This deletion (previously Paragraph 80) is a serious concern for youth at the Rio+20 conference. Alice Vincent a youth activist from the UK says, “I strongly believe that a Rio+20 outcome that does not include the creation of such an advocate for the needs of future generation wouldn’t be worthy of the title The Future We Want.”

The interests and needs of those who will inherit this planet are being systematically compromised by the short-term nature of decision-making and policy. A High-level Representative for Sustainable Development and Future Generations will be tasked with helping government to bring sustainable development, often separate from core policy issues, into the heart of all decision-making.

Rhoda Robinson youth activist from Nigeria said “The removal of this text effectively relegates youth and future generations to the side-lines to watch – not participate – in deciding on our future. This may not look like it something of concern to a young person in Africa but we cannot continue to have no representation, no say and no access to decisions that affect us.”

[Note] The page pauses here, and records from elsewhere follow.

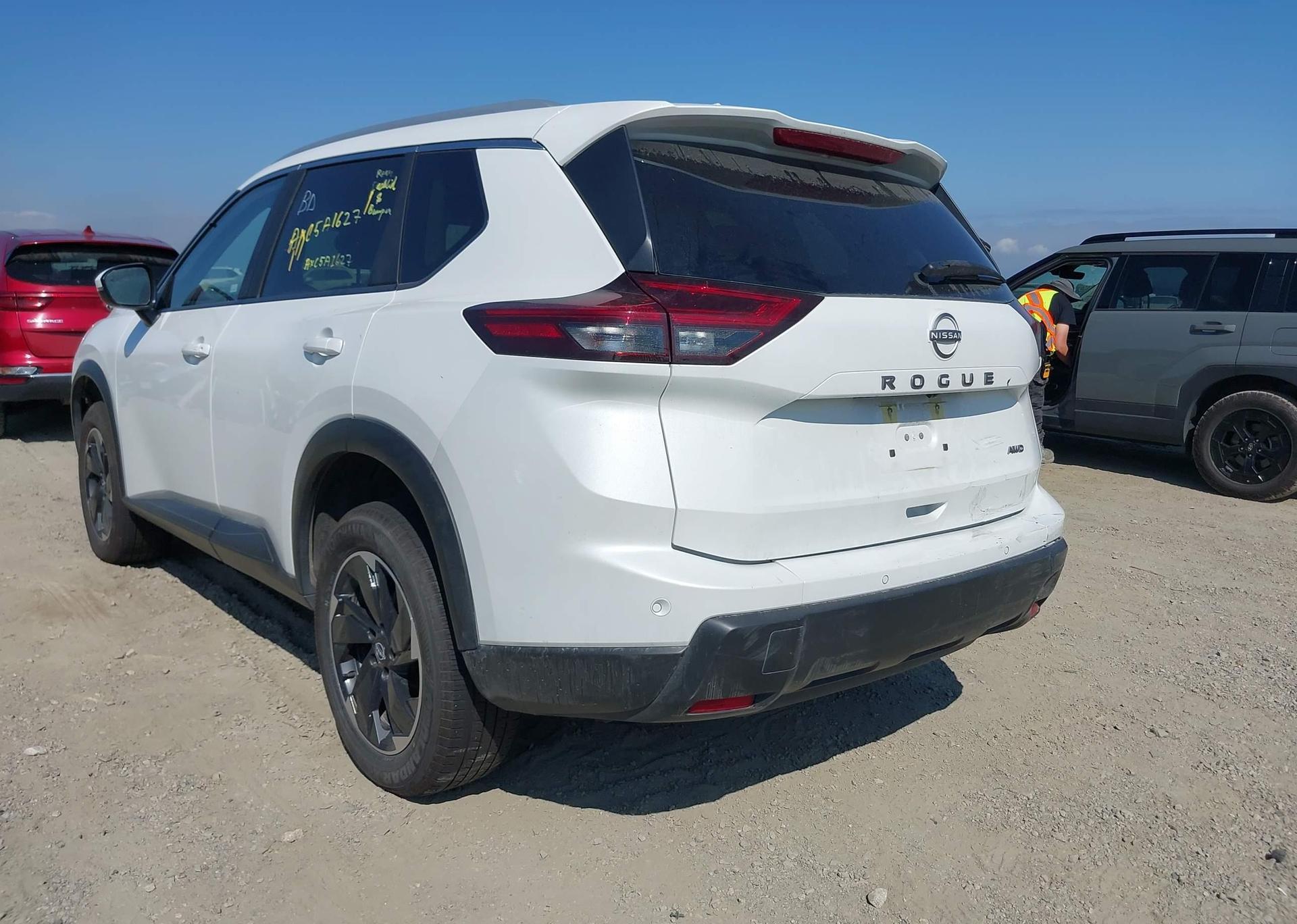 2025 NISSAN ROGUE SV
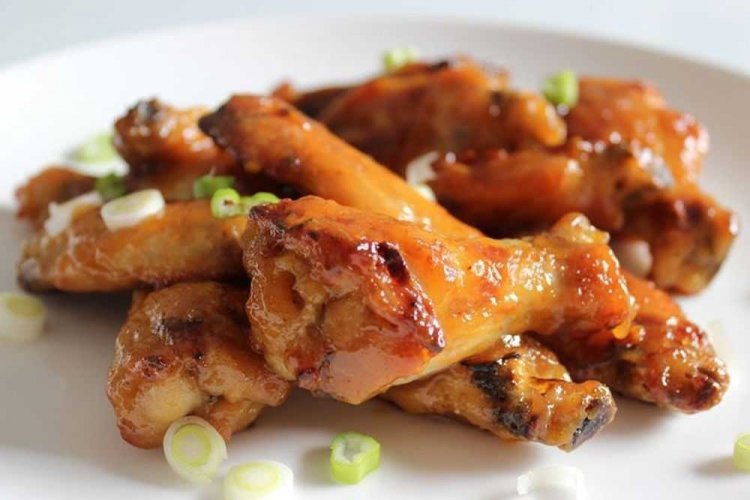 Pollo en salsa de miel y mostaza en olla de cocción lenta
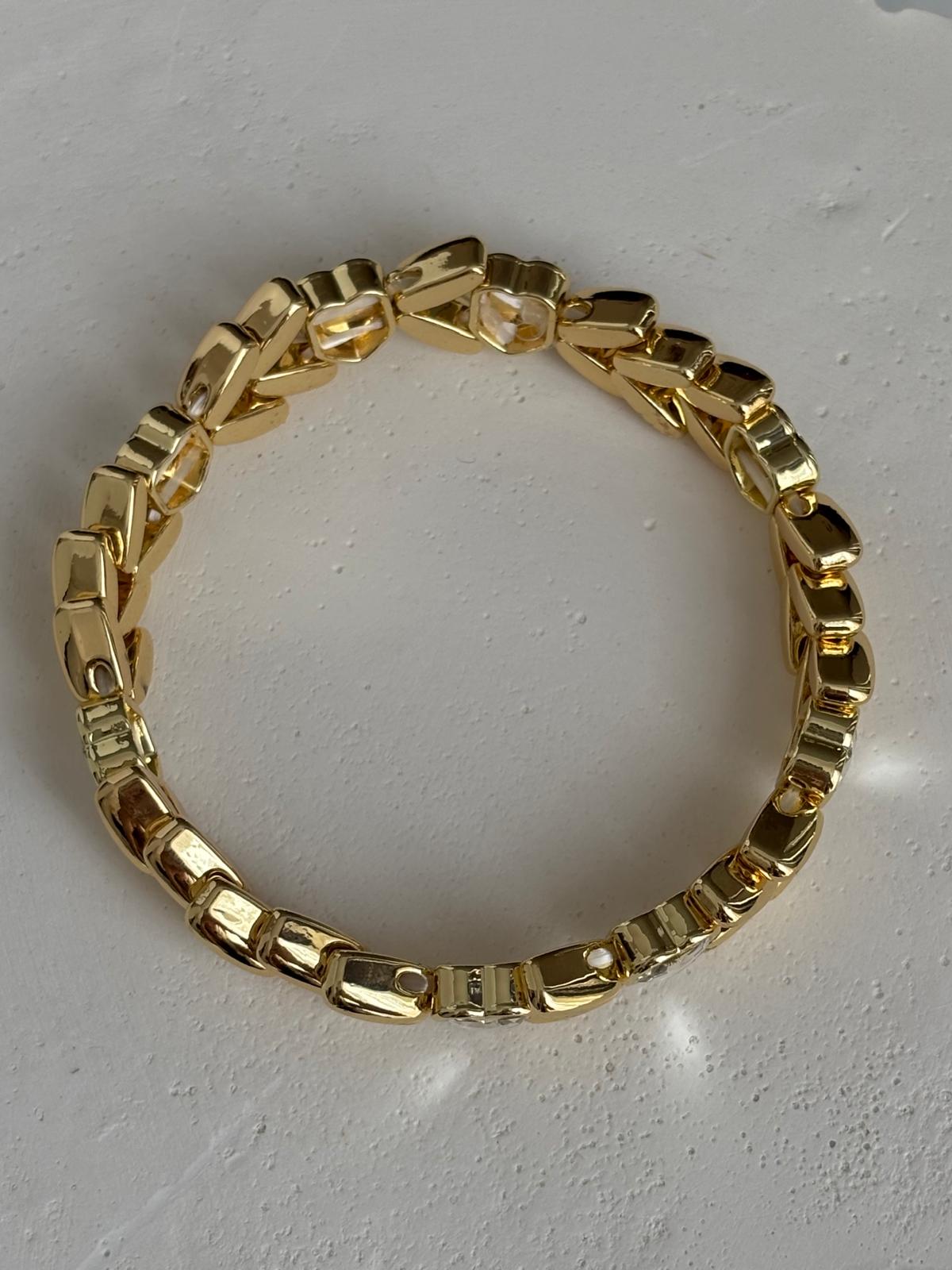 Üçgen Kalp Lastik Bileklik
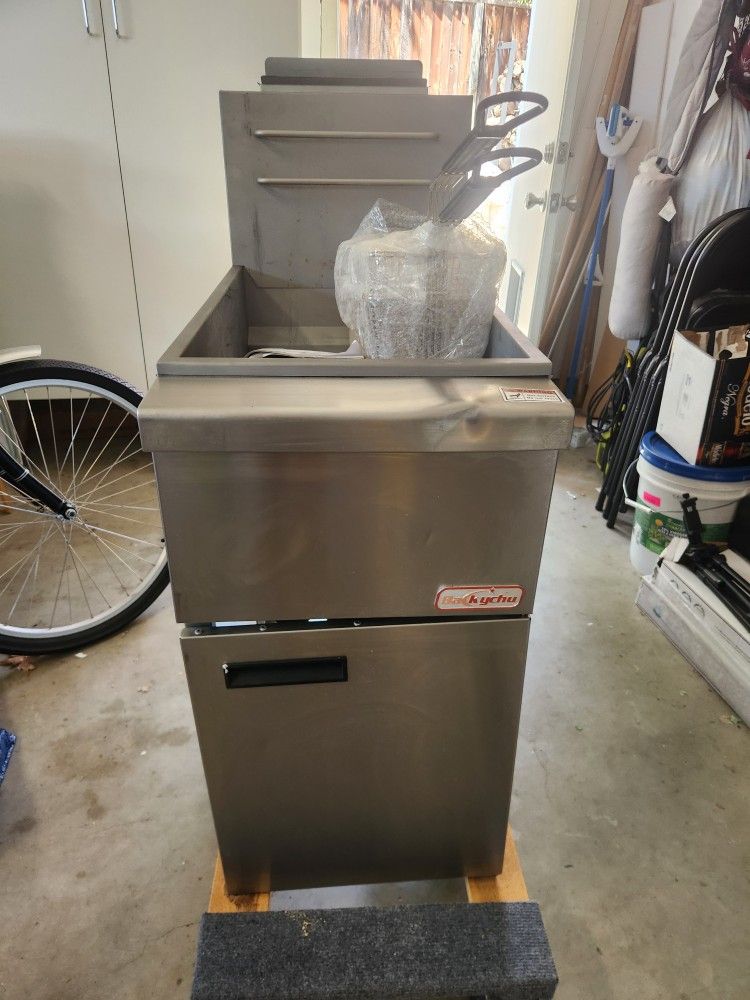 New Commercial Gas Fryer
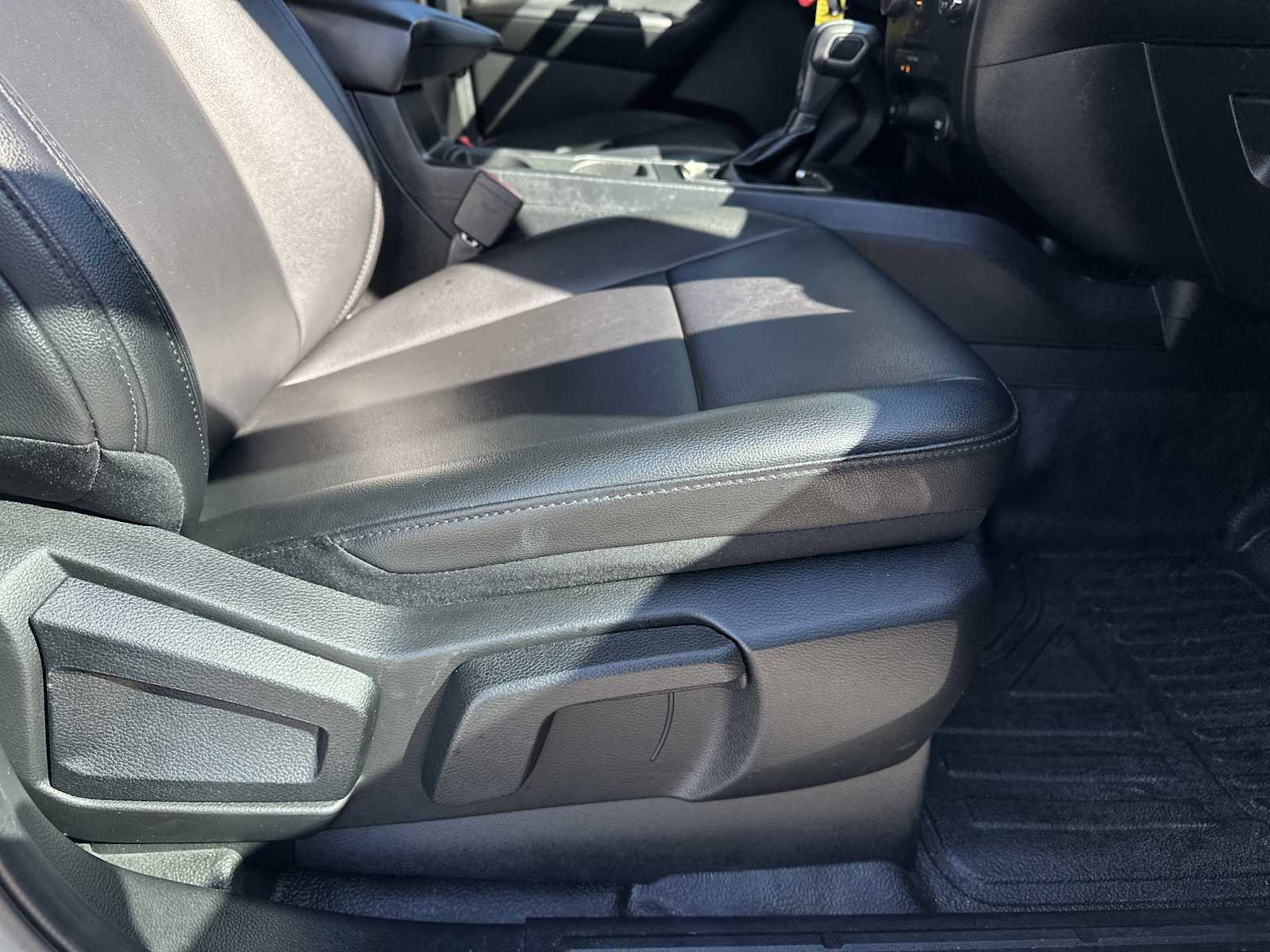 Used 2023 Ford Ranger XL w/ Equipment Group 101A High image 28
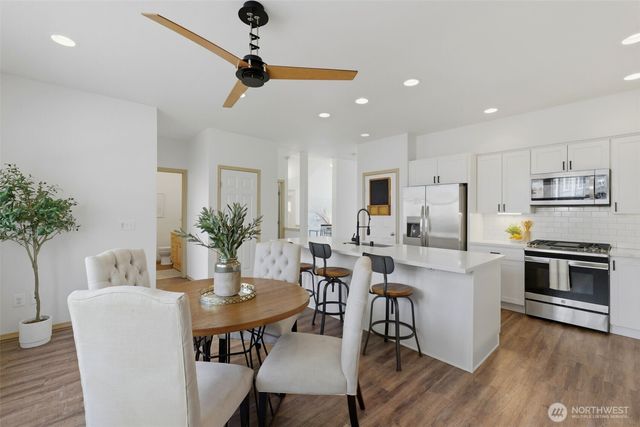 27912 31st Place S, Auburn, WA 98001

“This is a one-time opportunity to influence the outcome text in a clear and radical way and make sure that Rio+20 goes beyond just copying the language of previous agreements” says Mathieu Soete, President of the Environmental Working Group, AEGEE / European Students’ Forum.

The High-level Representative would work in close cooperation with civil society to represent their concerns and to further their participation at the United Nations. This efficient and innovative solution would ensure a more integrated approach to sustainable development – one of the key objectives of the Rio+20 Conference – and embed long-termism into our political thinking.

Kate Offerdahl from Columbia University says, “Young people are demanding that this language be reinserted into the negotiating text and that a High-level Representative for Sustainable Development and Future Generations be an enduring accomplishment of the Rio+20 Conference”.

In addition to the representation of future generations and young people in the form of a High-Level Representative, wider youth participation throughout the process of developing the Sustainable Development Goals (SDGs), inclusion of youth delegates in all member state delegations, and meaningful and effective youth participation across UN sustainable development forums are all key to making sure the interests of youth are represented and their voices are heard.

Laurence Dambuki. African Union Youth delegate said, “Developing countries are particularly concerned about improving means of implementation to ensure the effectiveness of the interventions and to invest financial and human resources efficiently. This proposal would be instrumental in addressing current implementation gaps by helping governments and UN bodies work together on long-term planning and the sharing of best practice.”